Edward Zoller was a tall, lean man with a mop of white hair, and was known widely as “Mr. Cycling”. He wrote frequently to the press on cycling matters, and on occasions his views would excite controversy. He rode into his nineties, and on the day he died in the early 1990s he had just taken delivery of a new wheel from Robin Williamson. He rode up and down the street to try it out. He was 92 when he died, after a lifetime dedicated to cycling. He was the secretary of ERC for about twenty years until about 1970. He’d been a official of ERC since 1925. He was a leading light in keeping the club together, and keeping it going. He was made an honorary life member of the CTC.

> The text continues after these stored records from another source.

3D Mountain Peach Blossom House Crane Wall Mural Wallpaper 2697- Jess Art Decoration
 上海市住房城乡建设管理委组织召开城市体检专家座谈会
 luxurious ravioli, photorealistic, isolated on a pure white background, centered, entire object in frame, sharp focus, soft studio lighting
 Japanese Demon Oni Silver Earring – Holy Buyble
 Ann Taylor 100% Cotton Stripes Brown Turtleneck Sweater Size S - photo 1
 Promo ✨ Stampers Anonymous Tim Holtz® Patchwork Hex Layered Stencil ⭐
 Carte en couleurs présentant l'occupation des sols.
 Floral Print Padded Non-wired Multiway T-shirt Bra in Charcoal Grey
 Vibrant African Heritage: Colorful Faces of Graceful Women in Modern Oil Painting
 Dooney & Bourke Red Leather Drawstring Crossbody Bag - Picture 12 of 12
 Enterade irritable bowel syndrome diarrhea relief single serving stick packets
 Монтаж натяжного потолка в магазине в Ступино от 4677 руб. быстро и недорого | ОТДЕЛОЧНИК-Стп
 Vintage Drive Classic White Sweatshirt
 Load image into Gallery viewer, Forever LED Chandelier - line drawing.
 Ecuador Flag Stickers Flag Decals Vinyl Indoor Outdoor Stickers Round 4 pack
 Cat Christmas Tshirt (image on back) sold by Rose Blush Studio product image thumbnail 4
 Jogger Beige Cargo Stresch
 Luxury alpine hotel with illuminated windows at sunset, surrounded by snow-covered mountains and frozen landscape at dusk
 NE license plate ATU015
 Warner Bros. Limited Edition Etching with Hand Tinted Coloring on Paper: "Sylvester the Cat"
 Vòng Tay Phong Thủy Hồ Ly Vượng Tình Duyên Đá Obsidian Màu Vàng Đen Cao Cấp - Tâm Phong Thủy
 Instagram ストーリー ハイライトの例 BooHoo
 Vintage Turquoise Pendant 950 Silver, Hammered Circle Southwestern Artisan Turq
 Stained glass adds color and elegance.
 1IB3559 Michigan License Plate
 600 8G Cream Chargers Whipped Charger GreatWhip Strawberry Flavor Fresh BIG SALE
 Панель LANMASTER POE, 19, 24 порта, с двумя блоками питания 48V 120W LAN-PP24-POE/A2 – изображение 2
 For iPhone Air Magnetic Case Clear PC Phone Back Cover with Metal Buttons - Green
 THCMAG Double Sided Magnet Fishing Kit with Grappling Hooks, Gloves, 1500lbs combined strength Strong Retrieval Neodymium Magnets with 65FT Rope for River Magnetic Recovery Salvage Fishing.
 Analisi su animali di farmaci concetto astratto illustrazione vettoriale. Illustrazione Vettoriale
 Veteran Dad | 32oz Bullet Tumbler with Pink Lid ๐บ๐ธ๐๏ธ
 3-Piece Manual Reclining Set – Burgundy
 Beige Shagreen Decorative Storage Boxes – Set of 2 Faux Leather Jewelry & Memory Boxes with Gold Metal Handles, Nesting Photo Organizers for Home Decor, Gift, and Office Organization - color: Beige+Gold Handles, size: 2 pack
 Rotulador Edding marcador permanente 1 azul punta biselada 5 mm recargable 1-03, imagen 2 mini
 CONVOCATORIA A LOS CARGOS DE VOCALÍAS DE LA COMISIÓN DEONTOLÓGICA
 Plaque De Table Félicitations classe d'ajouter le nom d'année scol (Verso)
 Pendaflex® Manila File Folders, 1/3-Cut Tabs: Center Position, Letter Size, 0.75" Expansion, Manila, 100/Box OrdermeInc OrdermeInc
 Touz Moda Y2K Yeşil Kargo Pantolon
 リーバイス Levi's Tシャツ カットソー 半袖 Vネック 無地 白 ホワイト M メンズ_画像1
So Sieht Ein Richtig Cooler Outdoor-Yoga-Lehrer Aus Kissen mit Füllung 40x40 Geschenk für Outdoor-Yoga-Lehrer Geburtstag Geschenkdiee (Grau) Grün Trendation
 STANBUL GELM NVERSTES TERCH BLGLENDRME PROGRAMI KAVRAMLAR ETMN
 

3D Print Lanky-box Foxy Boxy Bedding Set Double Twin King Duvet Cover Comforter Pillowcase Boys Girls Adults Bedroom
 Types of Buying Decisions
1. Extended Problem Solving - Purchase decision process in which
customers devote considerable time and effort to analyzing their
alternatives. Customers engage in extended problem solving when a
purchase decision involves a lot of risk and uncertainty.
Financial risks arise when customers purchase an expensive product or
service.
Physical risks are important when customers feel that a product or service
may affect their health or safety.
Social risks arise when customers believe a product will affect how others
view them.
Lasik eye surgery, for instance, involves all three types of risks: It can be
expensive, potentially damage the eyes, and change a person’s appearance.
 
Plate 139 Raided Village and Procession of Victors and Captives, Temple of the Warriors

Zoller was an RRA (Roads Record Association) observer from his early days and he followed nearly all the record attempts on Scottish roads. He was a man of principle, and he enforced the rules strictly, which caused a few controversies. One of the earliest record attempts by a professional was in about 1930, from Land’s End to John o’ Groats. Zoller organised a boat to take him across the Forth – that was before the bridge was built – to go from Granton to Burntisland, but the rider never turned up. He had abandoned, but Zoller still had to pay for the boat. Zoller wrote to the rider to complain about being let down, and the rider sent the bike he’d used for his record attempt to Zoller as compensation!